* _EXERCISE PROMPT_: Exactly as they stand, copy the lines from the one containing "3449 County Road 48 Property Photo" to the final line of the data; leave out the pictures.

** DATASET ENTRIES follows **

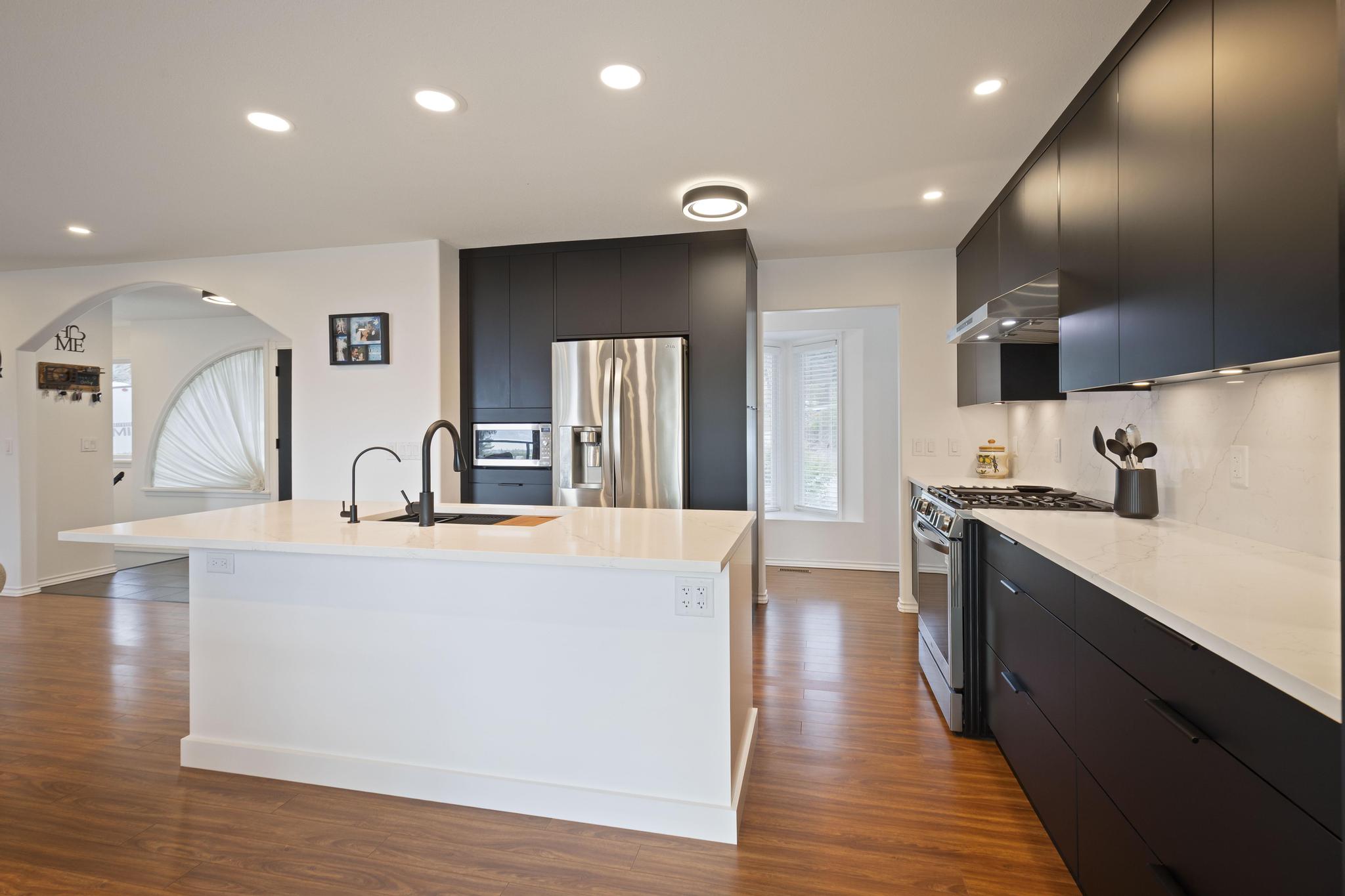 3149 Shetler Drive West Kelowna V4T 1M4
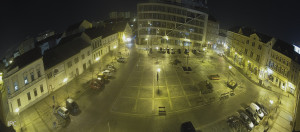 Město Přerov - Náměstí T. G. Masaryka - 7.11.2025 v 22:00 Město Přerov - Náměstí T. G. Masaryka - 7.11.2025 v 22:00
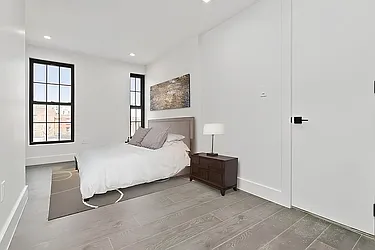 Rented by Ink Realty Services LLC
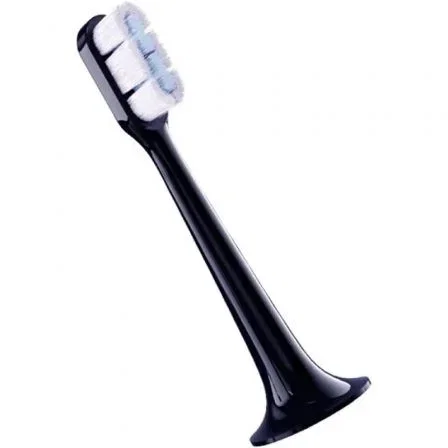 Xiaomi Cabezal de Recambio para Electric Toothbrush T700, Pack de 2 unidades, Azul oscuro Xiaomi Cabezal de Recambio para Electric Toothbrush T700, Pack de 2 unidades, Azul oscuro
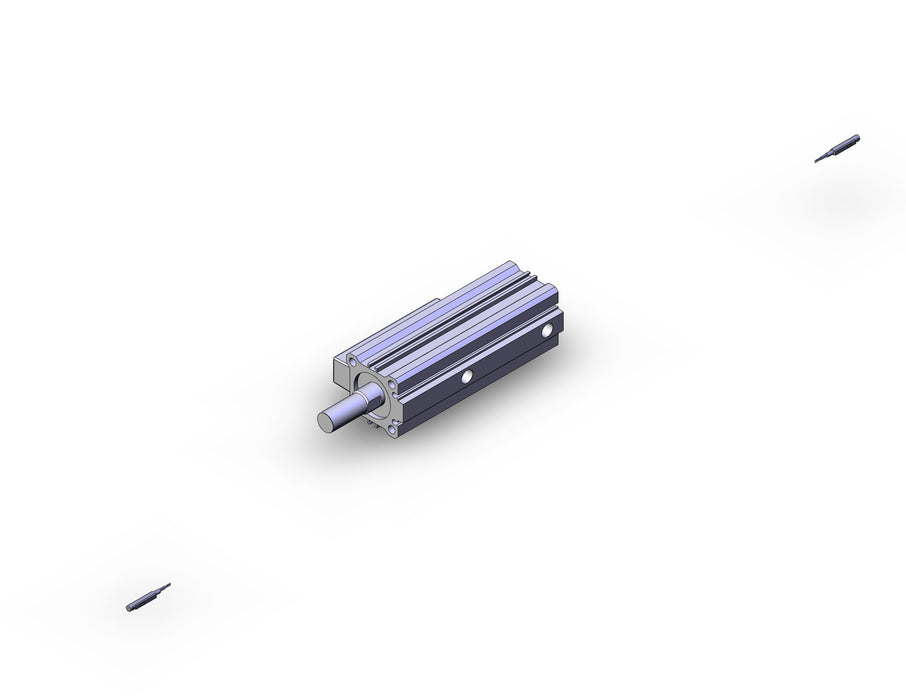 CE1B32-50-A93 Stroke Reading Cylinder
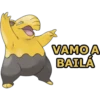 pokemon 20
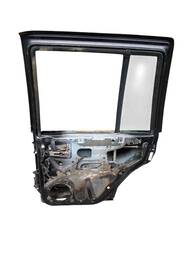 PORTA TRASEIRA DIREITA GRAND CHEROKEE 2005 2006 A 2010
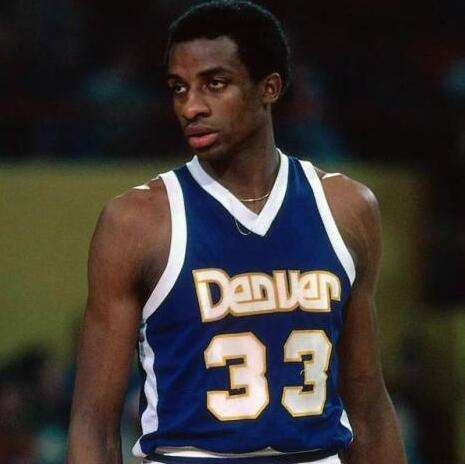 连顺或只有 连顺或只有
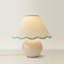 Berngard 37cm Lamp-1248852602-1248852603-1248852580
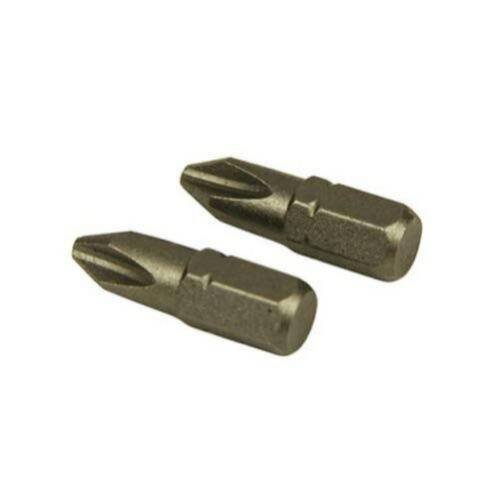 神沢鉄工 専用ビット片頭 L.PRO45用 K885-1 +2×22mm 2本 : 島道具Yahoo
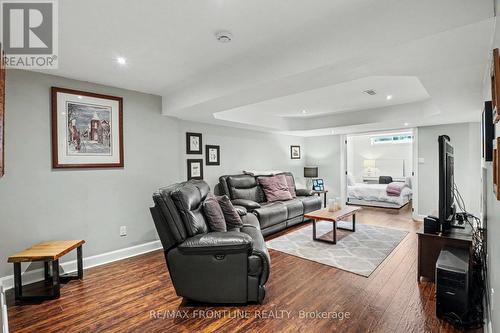 37 Calderwood Way, Ottawa, ON 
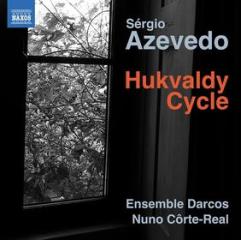 Hukvaldy cycle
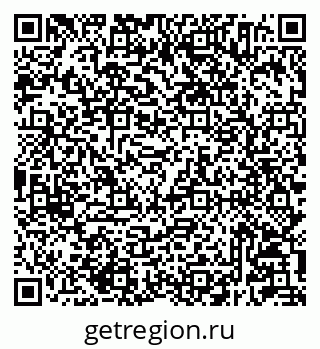 79233804611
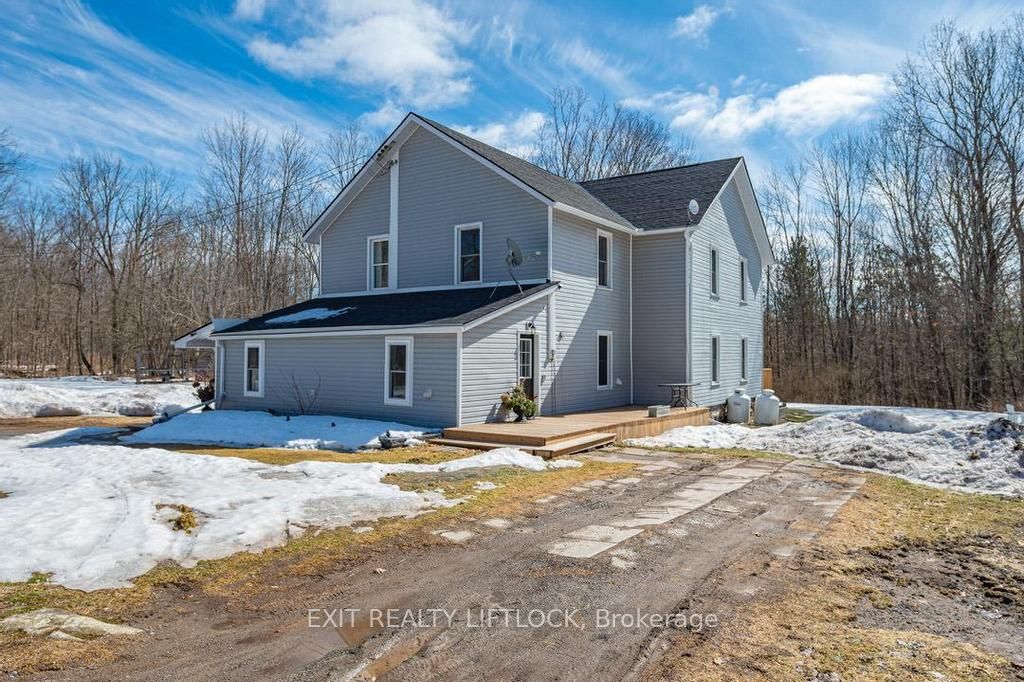 3449 County Road 48 Property Photo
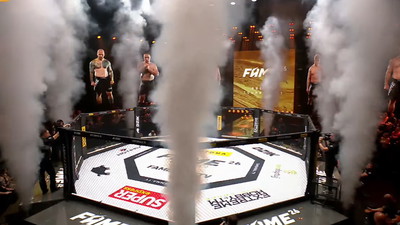 Wspólnicy Fame MMA wezwani w sprawie Denisa Załęckiego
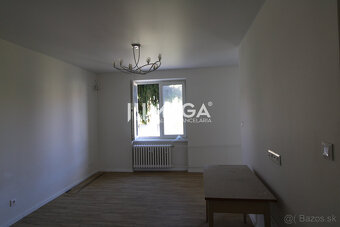 Na predaj 2i byt - ul. Dobrianskeho v meste Humenné - 5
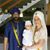 Meherbani Kaur Khalsa's profile image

** End of DATASET ENTRIES **

* _ANSWER SECTION_:
 3449 County Road 48 Property Photo
 Wspólnicy Fame MMA wezwani w sprawie Denisa Załęckiego
 Na predaj 2i byt - ul. Dobrianskeho v meste Humenné - 5
 Meherbani Kaur Khalsa's profile image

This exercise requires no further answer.